Data segment:
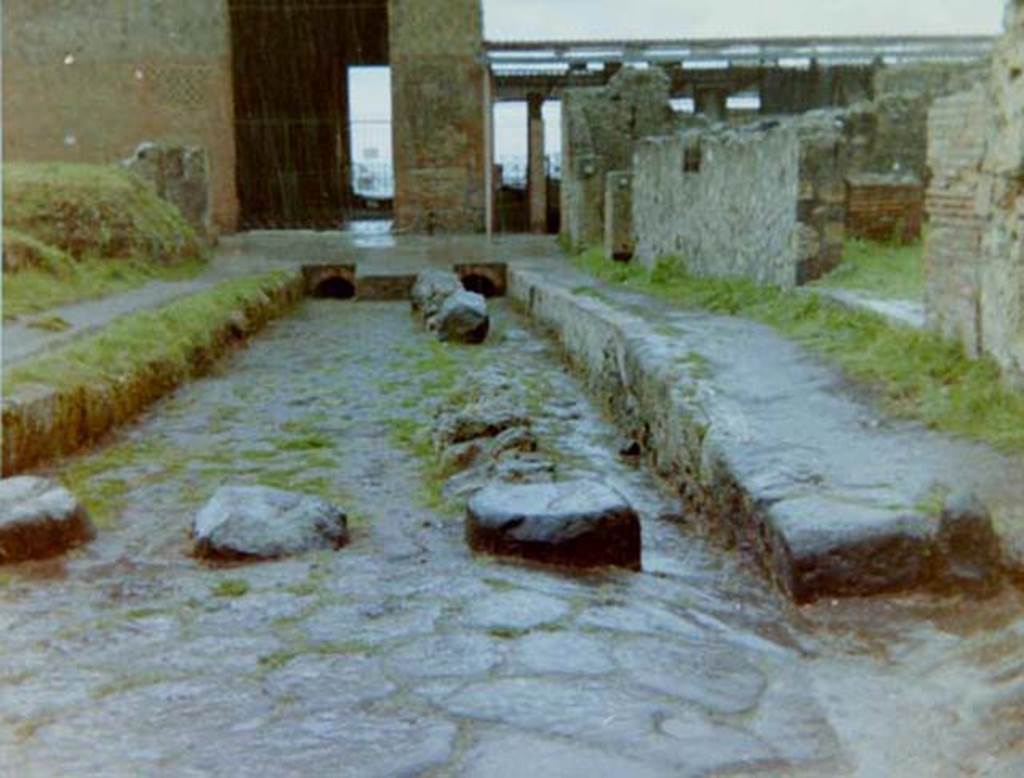 Via delle Terme, Pompeii. 4th April 1980, pre earthquake. Looking west to the junction with Vicolo del Farmacista, from the junction with Via Consolare, on right.  
Photo courtesy of Tina Gilbert.

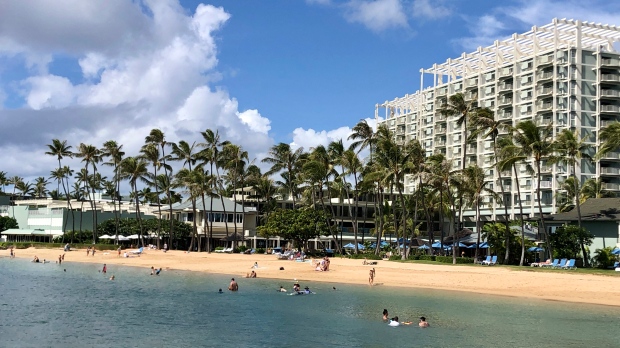Persyaratan vaksin Hawaii: Wisatawan mungkin perlu booster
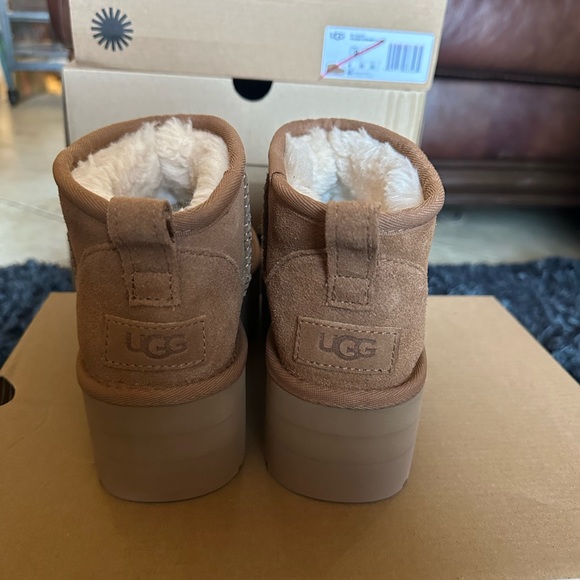 AUTHENTIC UGG CLASSIC ULTRA MINI PLATFORM IN COLOR CHESTNUT - Picture 9 of 9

Work instruction:
Your answer must be the lines from the one containing "Photo courtesy of Tina Gilbert." through the last line of the listing above, restated word for word, with no pictures.

Task response:
Photo courtesy of Tina Gilbert.

Persyaratan vaksin Hawaii: Wisatawan mungkin perlu booster
 AUTHENTIC UGG CLASSIC ULTRA MINI PLATFORM IN COLOR CHESTNUT - Picture 9 of 9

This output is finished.